We spent a fair amount of time duck diving around them for a closer look. There are also a metric fuck tonne of these red sea stars which we were worried we’d inadvertently killed a load of on the way out. We weren’t looking too hard, we could have stepped on a few, but we were told later on that whilst you probably shouldn’t go around deliberately trampling the little fuckers they’re actually quite destructive to the coral. We didn’t feel so bad after that.

So we figured we’d hit a couple of beaches. I’m not the biggest fan of beaches on account of all the sand but as I’d sort of resigned myself to the fact everything I owned would be covered in a fine layer of the shit for the foreseeable we might as well just go for it. Salagdoong beach is the beach the domestic tourists flock to and with it being Sunday we figured there’d be a fair amount of humans knocking around.

We weren’t wrong. It’s properly set up for tourism with tables and cottages to rent, concrete steps leading down to the water, giant inflatable swans, a water slide, a cliff jump and a restaurant. The sea is a stunning blue colour here, it’s actually a very beautiful beach. I thought I’d give the cliff jump a go, and by “give it a go” I mean “stand a metre from the edge whilst muttering, ‘fuck my life, that’s really bastard high up.'” No, I didn’t jump in the end. Bugger that. I wanted to finish the day with my ribs where I left them.

The restaurant came in handy but the various dogs and cats scrounging round for food will break your heart into several pieces and you’ll seriously consider the logistics of taking all of them home. Well, they certainly chipped away a bit at my stone heart anyway, not enough to hand over all of my food, mind. Just tiny fragments of the occasional chip which I may or may not have resented slightly.
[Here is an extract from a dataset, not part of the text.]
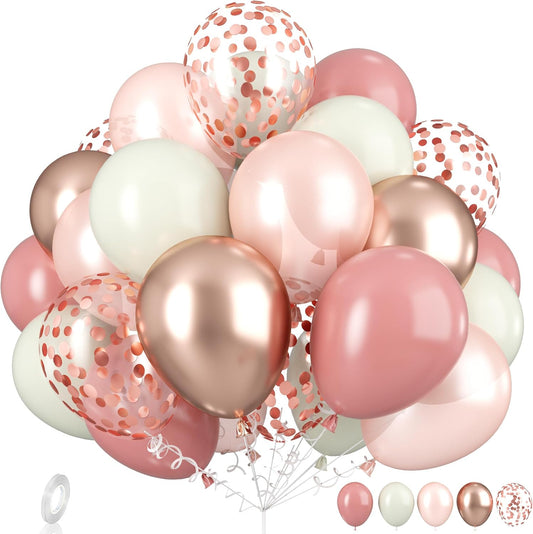 Dusty Pink Boho Blush Balloons, Metallic Rose Gold Retro Pink Ivory White Balloon, Nude Cream White Balloon and Confetti Balloons for Bridal Baby Shower Girls Birthday Wedding Decor Supply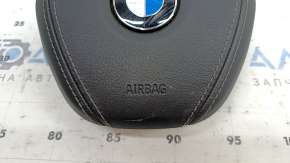 Подушка безпеки airbag в кермо водійська BMW 5 G30 17-23 чорна, шкіра, подряпини на емблемі, під хімчистку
But onwards! We were first told about Kagusua Beach at Hapitanan, the little roadside eatery we were fond of. They referred to it as the “secret beach” but we’d been told about a few times since then so I think it’s about as secret as my penchant for cheesecake but everyone agreed; it was the best beach on the island. You’ve got to walk down to this beach from the parking and a bloke there told us to be careful with our things because thieves target foreigners here. We’d come out with minimal crap anyway and had waterproof cases for our phones so we weren’t too worried about leaving stuff on the beach, and yes, it’s a stunner of a collection of sand, sea and rock.
It’s on the east coast so it’s very much not a sunset beach and the sun gets blocked pretty early on. We enjoyed the last of it before the shadows enveloped the beach and we decided to go off in search of a sunset. We planned to go to Paliton Beach for no real reason. I don’t know why we didn’t just head back to JJ’s, that’s a perfectly good sunset beach and would have involved a tasty cold beer which would have been nice now I’d fully recovered from the other night’s excesses and my internal organs had just about forgiven me. Probably in the spirit of trying something different but one sunset beach tends to look like the next.

There’s sky, sea, sand, and very definite chaffing so you might as well go to where the beer’s at. We got quite an early one tonight and I promised my digestive system there’d be no foolish breakfast hunting and we’d just eat at the backpackers the following morning.